And I've noticed that you've kind of someone, I don't know if it's you, has kind of scribbled lots of notes in the margins.
Things like Sendor likes
and
Sendor's favorite and more of this for Sendor, please.
Now, doesn't that
just scream the actions of someone trying to frame Sendor?
If it were to be me doing it, wouldn't I just circle it or put a red dot on the one that I liked instead of so brazenly incriminating myself?
It is true that if it were you, you wouldn't have to say your own name almost every time.
That being said, you are dead on, and that's what I have done here.
I do tend to sign my work, as it were.
I see.
And as you'll see, there's, I mean, Sendor-like, yes, that's on the rating, on the scale of things, that's around like a...
a three or a four.
But you're going to see as you leaf further, you'll find Sendor hubba hubba.
Uh-oh, yeah.
Sendor so so horny.
I see a lot of sort of circled areas that say insert mail here.
I don't want to say where, but
that says
that's M-A-L-E.
Yes, I was going to say.
So I don't know if that's clear or not.
And then it says in parentheses after mail, send or okay, okay, this all makes sense.
This all makes sense.
A lot of it's to remind myself, as if I have, you know, fallen asleep recently and wake up a little groggy, I'd love to remember.
Okay, so, and this isn't going to mean anything to you because they don't, you don't have this in your
world.
So, it sounds like before you go to sleep, memento style, you need to write on a magazine all your thoughts about each page in case when you wake up, you don't remember if it made you horny or if you liked it.
Oh, Arnie, you told us about mementos.
It's where someone sits down on a wet painted bench and it puts stripes on their suit.
And so they roll around the whole bench to put stripes stripes all over the suit and then they move a Volkswagen to get the parking spot is that momentos yes but also
you'd know it's from a different country but you just don't know which one hmm sounds wonderful well uh send or I have to know since you're falling asleep while you're trying to deliver all this mail uh do you still stay in touch with your ice cream uh
family Sadly, no.
I...
When I ventured out on my own, I knew there'd be a chance that I would be going at it and living a solo adventure life, which is how it's been.
They shunned me from the family when I took on this new profession.
Oh, that's terrible.
I can imagine a young Sendor sitting alone in a house at the end of a street where there are no other houses, your family trudging home, covered in chocolate chip cookie dough and fudge chunks as they return from the ice cream mines, and your sad face as you thought someday I'll have to go into those mines.

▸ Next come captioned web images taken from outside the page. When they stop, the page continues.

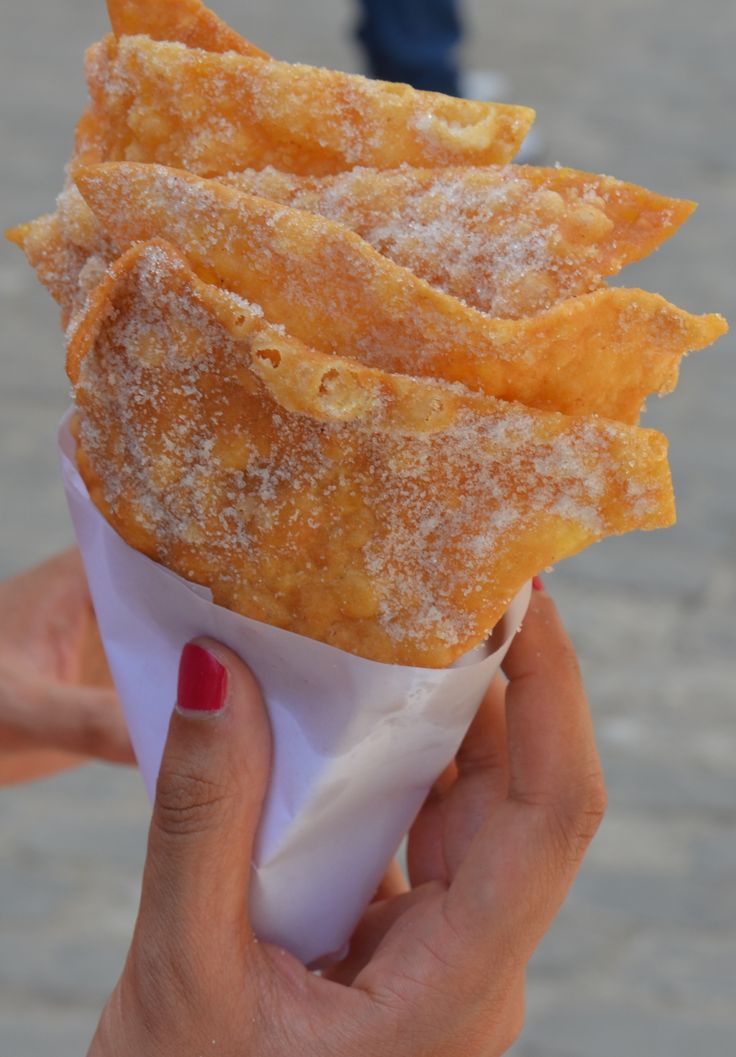 a person holding up a pastry with sugar on it's edges in front of the camera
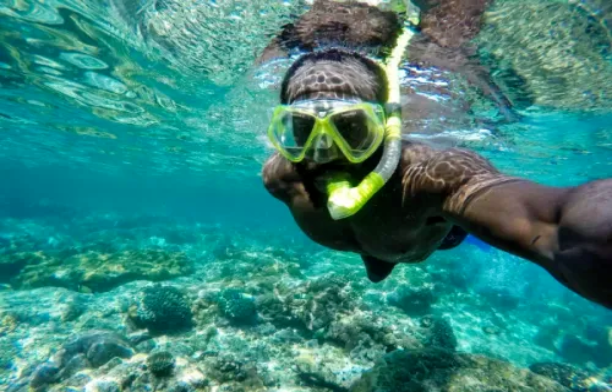 Black traveller scuba diving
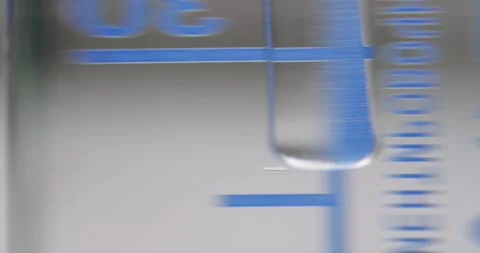 Measuring Beaker with Water being Stirred by Glass Rod inside Chemical Stock Footage 322602585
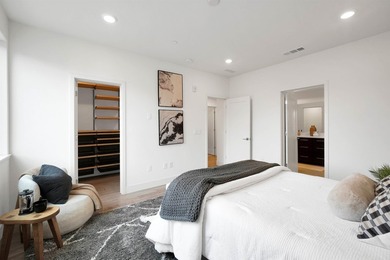 Built in 2021, this sophisticated townhouse-style condominium - photo 19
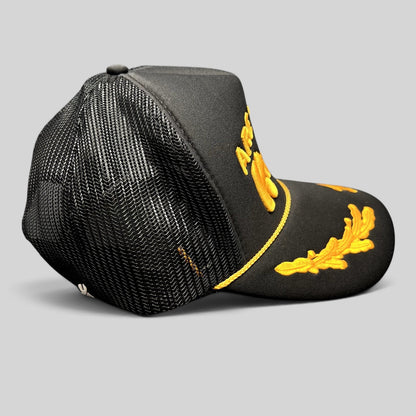 Raree Finds black and gold trucker hat with raised embroidery, gold rope detail, and leaf accents on the bill.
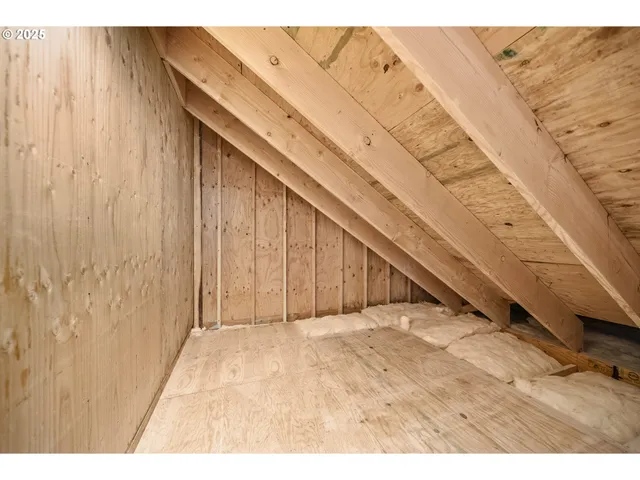 a picture of a bench in a white wall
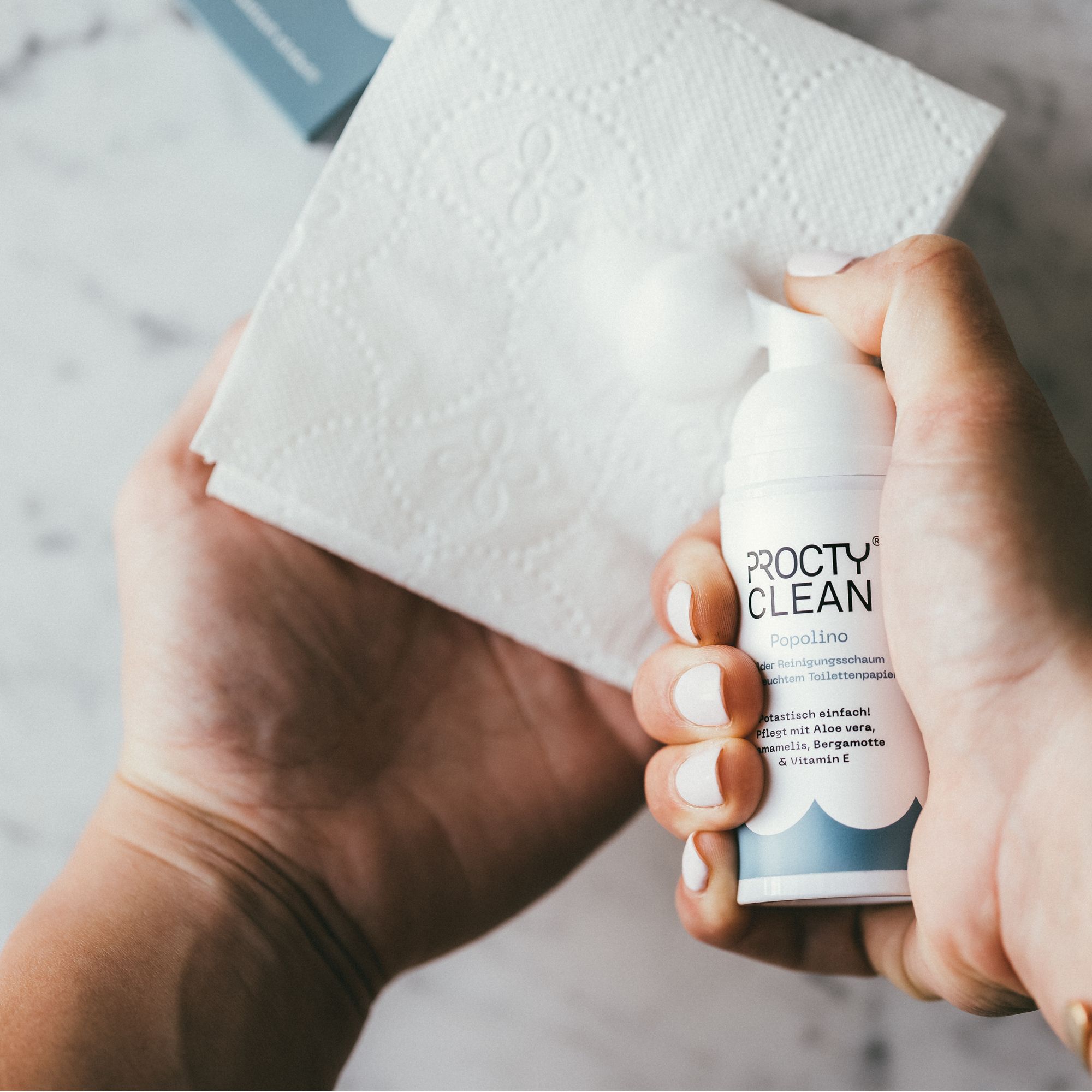 Hand hält Flasche und Toilettenpapier. Flasche: ProctyClean Popolino. Schaum auf Papier.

But you've set yourself free, so you should celebrate.
And perhaps, if you go back to them now, they'll see that you've become the person you truly wanted to be.
I never thought of it that way.
I've mostly thought about it in terms of revenge.
Okay.
That's another angle.
And if I ever found them, what I'd do.
But, you know, I like your angle as well.
All I've been doing is withholding mail from them.
Important mail.
Smart.
Smart.
But I should be celebrating.
I should celebrate my independence and the life I've made for myself, albeit a half-assed job of it that I'm doing.
Not to be morbid, but your family is probably dead.
I mean, working in the ice cream mines is a tough life.
They probably got mint lung or something like that.
It's true, as many do.
I hadn't thought that I might never see them again.
They may be gone.
My...
I feel sad that my plan for vengeance will probably never come to fruition.
Well, should we open their mail then?
Yes, that's great.
All right, well, here's fun.
Well, here's another, oh, here's another old periodical, a headline.
Ooh, a knight escaped on a white bronco.
There was a chase that ensued.
Uh-huh.
It seems by the local authorities this man was wanted for murder.
Can I just say something?
If you're going to commit a murder, a white bronco, those are so rare.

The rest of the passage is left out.